* _About this exercise_
Please transcribe, exactly and only, the lines of the records below from the one holding "719 Lake Caroline" to the very end.

* _Data supplied_
----
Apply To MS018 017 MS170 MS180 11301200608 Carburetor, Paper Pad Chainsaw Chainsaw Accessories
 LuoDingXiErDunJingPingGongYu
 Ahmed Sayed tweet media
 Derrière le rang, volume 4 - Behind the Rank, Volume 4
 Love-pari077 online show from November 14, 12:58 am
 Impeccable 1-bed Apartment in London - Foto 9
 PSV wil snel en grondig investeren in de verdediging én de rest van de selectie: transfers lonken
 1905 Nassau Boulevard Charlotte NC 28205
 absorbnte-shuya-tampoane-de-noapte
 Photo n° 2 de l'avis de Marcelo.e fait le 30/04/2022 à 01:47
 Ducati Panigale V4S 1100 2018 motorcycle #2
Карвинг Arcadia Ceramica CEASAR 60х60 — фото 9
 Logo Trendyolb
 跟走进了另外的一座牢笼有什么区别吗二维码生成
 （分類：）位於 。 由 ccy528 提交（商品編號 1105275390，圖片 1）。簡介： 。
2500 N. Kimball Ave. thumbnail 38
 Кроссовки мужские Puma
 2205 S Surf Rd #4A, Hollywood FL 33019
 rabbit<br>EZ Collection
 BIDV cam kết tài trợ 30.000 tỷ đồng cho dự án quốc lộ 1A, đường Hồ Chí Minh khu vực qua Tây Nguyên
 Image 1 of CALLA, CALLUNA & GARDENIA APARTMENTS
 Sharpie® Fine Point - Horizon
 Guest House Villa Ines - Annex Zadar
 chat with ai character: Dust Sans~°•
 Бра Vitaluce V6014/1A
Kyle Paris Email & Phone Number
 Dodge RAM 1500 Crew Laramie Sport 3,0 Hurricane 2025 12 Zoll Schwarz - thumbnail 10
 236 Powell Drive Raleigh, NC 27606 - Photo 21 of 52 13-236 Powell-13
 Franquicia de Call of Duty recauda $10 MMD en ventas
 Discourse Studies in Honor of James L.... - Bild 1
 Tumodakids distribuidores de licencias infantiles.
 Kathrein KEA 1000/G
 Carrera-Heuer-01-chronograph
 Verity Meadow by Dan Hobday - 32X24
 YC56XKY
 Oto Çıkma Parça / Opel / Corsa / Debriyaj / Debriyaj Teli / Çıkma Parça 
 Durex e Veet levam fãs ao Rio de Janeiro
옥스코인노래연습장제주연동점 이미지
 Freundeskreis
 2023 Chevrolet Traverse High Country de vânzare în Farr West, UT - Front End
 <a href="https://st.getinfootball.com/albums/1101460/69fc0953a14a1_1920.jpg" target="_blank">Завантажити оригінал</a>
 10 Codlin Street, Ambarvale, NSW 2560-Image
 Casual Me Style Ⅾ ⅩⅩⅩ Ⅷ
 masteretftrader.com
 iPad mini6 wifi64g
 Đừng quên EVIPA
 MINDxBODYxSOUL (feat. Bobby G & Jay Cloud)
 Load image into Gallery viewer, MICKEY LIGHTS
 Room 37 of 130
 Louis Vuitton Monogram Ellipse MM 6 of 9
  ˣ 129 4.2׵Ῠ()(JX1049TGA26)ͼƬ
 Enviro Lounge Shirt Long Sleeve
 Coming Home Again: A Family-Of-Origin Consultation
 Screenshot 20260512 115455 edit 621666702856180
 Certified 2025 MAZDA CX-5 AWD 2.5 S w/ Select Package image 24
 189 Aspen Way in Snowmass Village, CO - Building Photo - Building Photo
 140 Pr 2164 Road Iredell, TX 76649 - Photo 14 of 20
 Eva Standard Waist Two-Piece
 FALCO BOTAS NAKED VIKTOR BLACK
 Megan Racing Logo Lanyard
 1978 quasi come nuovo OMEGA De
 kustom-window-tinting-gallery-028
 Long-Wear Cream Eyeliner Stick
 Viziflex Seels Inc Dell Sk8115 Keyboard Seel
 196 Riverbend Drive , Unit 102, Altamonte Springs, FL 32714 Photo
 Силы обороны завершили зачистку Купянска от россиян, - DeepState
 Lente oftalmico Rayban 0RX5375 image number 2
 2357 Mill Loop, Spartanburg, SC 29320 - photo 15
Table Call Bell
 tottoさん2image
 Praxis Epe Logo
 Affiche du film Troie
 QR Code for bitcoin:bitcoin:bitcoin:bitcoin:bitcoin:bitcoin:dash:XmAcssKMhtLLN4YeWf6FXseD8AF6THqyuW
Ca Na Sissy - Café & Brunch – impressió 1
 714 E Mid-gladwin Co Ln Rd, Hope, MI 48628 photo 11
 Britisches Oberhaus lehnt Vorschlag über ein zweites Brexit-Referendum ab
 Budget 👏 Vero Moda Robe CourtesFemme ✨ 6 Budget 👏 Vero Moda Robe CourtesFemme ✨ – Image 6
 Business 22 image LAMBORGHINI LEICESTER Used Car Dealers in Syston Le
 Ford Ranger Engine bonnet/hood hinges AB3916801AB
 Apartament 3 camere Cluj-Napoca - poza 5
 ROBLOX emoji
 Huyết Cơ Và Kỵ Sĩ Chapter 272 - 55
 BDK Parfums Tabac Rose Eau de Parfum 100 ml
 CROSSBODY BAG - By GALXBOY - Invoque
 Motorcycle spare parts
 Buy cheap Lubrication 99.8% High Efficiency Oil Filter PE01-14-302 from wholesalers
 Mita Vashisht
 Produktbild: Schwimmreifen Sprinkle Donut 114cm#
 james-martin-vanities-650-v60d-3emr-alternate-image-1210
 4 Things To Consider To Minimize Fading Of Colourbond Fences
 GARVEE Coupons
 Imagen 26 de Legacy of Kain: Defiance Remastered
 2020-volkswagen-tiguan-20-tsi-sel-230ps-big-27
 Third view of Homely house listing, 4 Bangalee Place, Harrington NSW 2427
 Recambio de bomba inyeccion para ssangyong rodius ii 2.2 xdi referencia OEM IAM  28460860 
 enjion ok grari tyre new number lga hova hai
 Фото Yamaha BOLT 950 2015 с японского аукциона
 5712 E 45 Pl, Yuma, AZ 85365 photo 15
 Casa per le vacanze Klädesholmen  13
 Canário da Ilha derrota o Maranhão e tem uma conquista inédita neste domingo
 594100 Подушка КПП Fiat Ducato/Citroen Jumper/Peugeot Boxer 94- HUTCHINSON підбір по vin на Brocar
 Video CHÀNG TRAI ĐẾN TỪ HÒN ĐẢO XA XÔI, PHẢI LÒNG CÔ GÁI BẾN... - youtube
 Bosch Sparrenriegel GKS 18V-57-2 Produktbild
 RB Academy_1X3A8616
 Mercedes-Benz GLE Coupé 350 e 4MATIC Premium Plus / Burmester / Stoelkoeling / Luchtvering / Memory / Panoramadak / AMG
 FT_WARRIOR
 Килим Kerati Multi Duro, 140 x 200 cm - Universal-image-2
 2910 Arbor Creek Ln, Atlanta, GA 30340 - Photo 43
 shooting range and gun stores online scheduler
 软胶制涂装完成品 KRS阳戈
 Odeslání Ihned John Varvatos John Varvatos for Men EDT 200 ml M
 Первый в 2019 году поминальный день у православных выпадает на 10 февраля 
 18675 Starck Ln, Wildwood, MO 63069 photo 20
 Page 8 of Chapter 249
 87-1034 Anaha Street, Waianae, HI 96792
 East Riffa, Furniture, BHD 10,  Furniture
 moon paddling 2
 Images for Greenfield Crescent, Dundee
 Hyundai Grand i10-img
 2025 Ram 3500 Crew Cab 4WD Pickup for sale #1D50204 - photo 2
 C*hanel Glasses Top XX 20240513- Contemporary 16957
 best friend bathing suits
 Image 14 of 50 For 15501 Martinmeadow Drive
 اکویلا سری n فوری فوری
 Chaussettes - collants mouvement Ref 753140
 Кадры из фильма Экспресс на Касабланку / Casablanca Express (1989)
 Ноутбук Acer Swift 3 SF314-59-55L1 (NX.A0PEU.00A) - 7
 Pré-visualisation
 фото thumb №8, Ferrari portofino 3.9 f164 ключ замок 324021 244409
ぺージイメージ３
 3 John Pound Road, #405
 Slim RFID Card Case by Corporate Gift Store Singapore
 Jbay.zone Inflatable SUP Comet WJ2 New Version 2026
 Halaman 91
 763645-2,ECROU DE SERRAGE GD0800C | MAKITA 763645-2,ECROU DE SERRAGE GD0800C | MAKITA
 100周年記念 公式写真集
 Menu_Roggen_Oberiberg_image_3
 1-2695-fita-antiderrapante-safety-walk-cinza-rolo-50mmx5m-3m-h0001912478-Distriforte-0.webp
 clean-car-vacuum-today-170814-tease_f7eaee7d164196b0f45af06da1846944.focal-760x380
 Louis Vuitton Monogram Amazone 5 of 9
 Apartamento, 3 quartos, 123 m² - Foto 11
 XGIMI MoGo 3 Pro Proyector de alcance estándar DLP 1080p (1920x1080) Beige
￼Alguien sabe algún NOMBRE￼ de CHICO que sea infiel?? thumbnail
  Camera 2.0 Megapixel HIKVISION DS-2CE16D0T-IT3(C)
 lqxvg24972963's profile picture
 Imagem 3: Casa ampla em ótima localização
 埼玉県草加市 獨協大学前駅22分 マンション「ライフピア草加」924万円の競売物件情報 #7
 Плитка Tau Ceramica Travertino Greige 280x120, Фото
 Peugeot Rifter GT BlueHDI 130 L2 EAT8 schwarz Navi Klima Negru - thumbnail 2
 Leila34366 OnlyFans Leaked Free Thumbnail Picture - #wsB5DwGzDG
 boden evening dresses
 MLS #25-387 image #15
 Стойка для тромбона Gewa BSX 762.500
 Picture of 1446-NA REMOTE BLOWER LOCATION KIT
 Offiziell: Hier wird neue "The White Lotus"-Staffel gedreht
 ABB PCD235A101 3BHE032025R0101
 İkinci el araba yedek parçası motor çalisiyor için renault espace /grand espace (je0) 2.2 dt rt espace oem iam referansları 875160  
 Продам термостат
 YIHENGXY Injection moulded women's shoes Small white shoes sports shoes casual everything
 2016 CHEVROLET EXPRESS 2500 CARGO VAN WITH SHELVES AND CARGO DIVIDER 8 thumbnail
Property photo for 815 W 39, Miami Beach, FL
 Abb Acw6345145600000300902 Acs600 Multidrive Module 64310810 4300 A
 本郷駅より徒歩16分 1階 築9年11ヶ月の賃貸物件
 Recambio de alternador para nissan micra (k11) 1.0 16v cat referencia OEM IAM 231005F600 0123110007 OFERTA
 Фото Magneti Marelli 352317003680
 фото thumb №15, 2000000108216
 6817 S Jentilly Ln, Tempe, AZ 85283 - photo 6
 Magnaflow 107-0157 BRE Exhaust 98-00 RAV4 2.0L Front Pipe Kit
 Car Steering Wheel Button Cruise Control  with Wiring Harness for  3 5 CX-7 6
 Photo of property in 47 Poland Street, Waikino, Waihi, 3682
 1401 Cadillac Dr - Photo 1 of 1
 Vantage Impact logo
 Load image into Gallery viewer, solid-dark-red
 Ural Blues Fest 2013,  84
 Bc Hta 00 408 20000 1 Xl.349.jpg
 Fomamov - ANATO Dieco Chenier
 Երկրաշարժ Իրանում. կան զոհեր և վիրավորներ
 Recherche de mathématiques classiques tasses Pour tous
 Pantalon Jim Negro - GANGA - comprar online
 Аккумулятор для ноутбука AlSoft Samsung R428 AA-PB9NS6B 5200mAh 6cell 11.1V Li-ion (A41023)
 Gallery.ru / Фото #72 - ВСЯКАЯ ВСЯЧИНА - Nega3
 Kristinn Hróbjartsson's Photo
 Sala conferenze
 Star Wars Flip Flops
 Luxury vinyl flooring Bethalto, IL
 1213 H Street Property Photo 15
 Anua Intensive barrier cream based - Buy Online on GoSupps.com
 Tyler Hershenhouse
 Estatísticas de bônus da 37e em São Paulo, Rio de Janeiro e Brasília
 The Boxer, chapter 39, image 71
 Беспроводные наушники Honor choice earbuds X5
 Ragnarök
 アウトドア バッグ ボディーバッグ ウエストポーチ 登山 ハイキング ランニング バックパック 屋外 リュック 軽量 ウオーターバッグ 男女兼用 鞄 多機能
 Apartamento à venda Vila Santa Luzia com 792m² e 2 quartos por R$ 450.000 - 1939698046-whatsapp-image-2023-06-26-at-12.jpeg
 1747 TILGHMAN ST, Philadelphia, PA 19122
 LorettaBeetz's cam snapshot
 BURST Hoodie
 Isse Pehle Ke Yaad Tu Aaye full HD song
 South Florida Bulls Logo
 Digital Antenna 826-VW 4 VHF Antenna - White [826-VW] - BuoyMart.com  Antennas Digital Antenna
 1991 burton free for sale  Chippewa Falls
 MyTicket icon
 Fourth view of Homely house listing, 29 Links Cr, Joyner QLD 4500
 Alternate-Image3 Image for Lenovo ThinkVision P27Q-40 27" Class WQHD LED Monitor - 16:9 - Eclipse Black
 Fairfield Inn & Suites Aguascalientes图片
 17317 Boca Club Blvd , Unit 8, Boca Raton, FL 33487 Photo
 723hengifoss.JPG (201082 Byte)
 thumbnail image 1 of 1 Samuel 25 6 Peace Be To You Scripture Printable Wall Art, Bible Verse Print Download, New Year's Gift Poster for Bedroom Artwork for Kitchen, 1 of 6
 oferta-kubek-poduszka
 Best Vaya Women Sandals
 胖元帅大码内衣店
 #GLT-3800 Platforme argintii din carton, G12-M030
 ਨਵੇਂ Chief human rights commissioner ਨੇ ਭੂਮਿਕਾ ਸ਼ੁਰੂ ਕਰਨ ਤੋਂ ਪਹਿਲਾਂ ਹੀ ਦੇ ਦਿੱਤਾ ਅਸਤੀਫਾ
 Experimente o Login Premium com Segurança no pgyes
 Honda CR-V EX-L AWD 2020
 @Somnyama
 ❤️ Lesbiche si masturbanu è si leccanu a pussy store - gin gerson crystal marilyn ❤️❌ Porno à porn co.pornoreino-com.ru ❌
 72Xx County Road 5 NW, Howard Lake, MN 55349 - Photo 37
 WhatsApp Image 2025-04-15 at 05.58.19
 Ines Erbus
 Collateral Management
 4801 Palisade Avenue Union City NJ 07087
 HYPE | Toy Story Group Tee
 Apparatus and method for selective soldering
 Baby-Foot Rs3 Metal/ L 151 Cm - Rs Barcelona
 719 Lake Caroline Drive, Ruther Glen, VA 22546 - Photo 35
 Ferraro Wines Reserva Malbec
----
* _Answer to the problem_
 719 Lake Caroline Drive, Ruther Glen, VA 22546 - Photo 35
 Ferraro Wines Reserva Malbec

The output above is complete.